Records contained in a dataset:
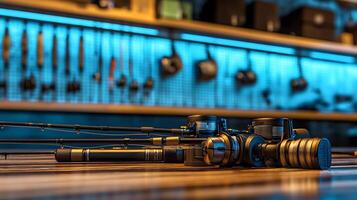 Close-up of fishing rods and reels on a wooden table in a well-lit workshop with tools photo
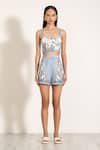 RANNA GILL_Sky Blue Viscose, Linen Square Neck Coraline Printed Bustier _Online_at_Aza_Fashions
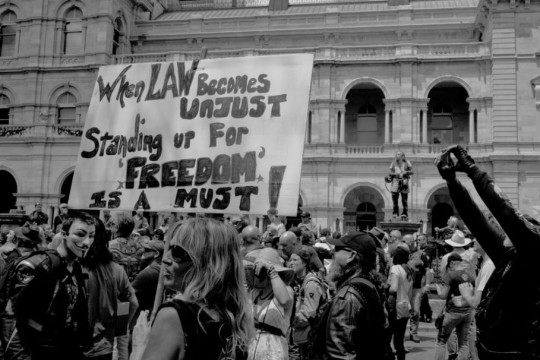 Anti-bikie law protest photographs, 2013 Hamish Cairns, John Oxley Library, SLQ Image no. 9352-0001-0022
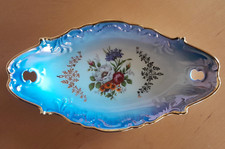 Kleiber-Porzellanschale, oval, 22 Karat Goldauflage, Pfingsrose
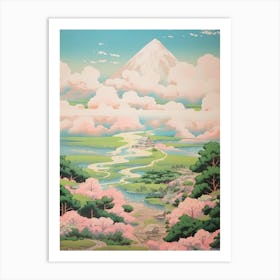 Mount Gassan In Yamagata, Japanese Landscape 1 Art Print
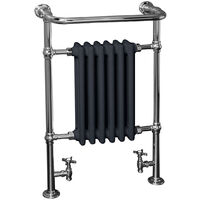 NRG Bathroom Cast Iron Radiator Traditional Heated Towel Rail Column Rads Anthracite 952 x 568mm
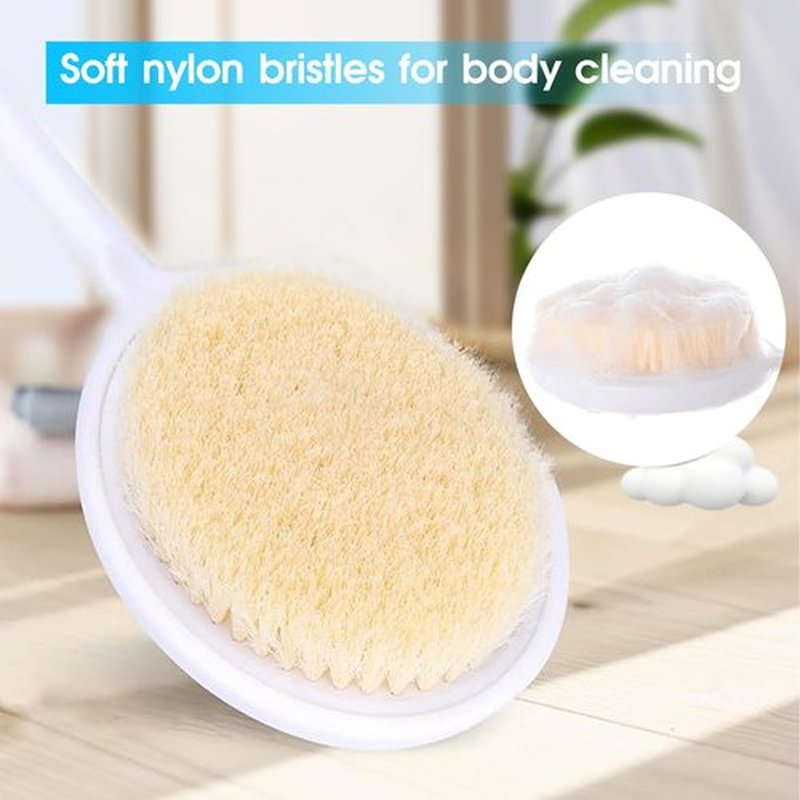 Foldable Back Brush Long Handle for Shower, 20.5” Foldable Back Bath Brush for Lotion Applicator Exfoliation and Improved Skin Health for Elderly with Limited Arm Movement, Disabled, Pregnant Women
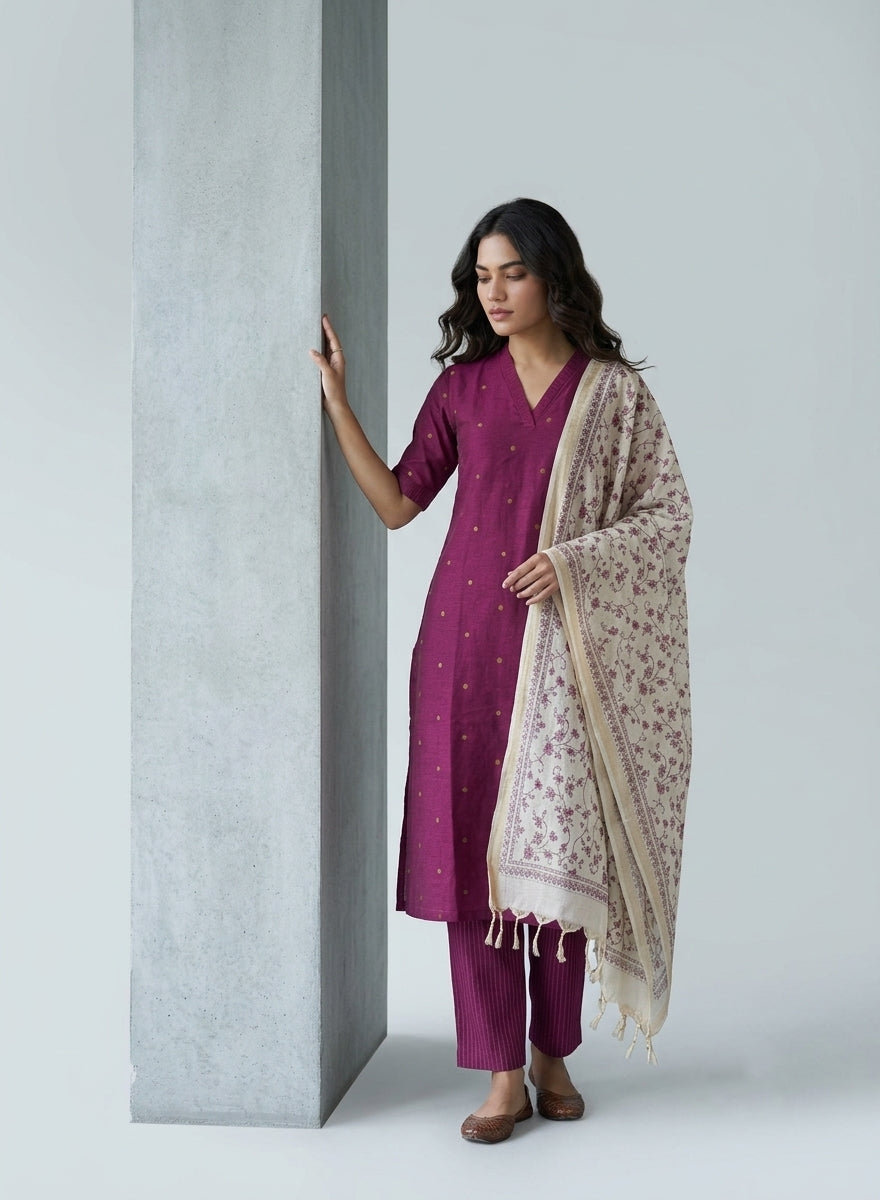 Magenta Butta Jamdani Kurta Set with Kalamkari Dupatta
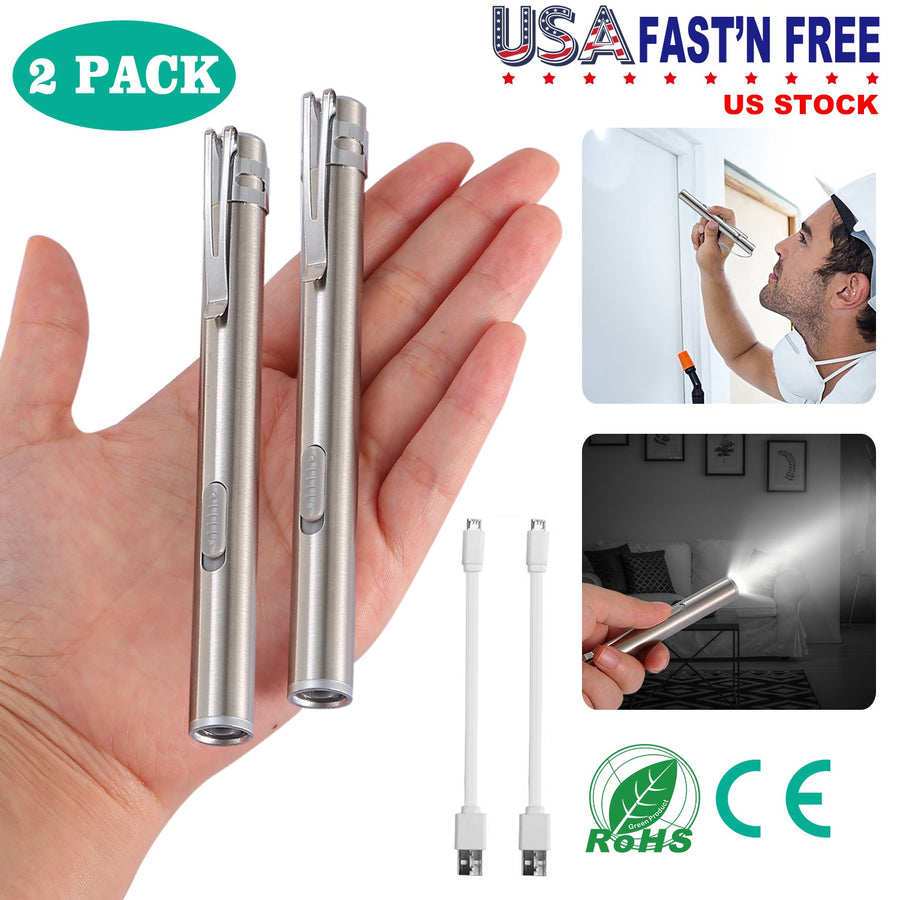 2Pcs Inspection Penlight for Nurses 250 Lumens Rechargeable Stainless Steel LED Flashlight Repair Water-Resistant for Medical Students Doctors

PROBLEM STATEMENT:
The lines above from the line with "Kleiber-Porzellanschale, oval, 22" through the line with "Foldable Back Brush" are to be given again word for word, with no pictures among them.

REPLY TO THE TASK:
 Kleiber-Porzellanschale, oval, 22 Karat Goldauflage, Pfingsrose
 Mount Gassan In Yamagata, Japanese Landscape 1 Art Print
 NRG Bathroom Cast Iron Radiator Traditional Heated Towel Rail Column Rads Anthracite 952 x 568mm
 Foldable Back Brush Long Handle for Shower, 20.5” Foldable Back Bath Brush for Lotion Applicator Exfoliation and Improved Skin Health for Elderly with Limited Arm Movement, Disabled, Pregnant Women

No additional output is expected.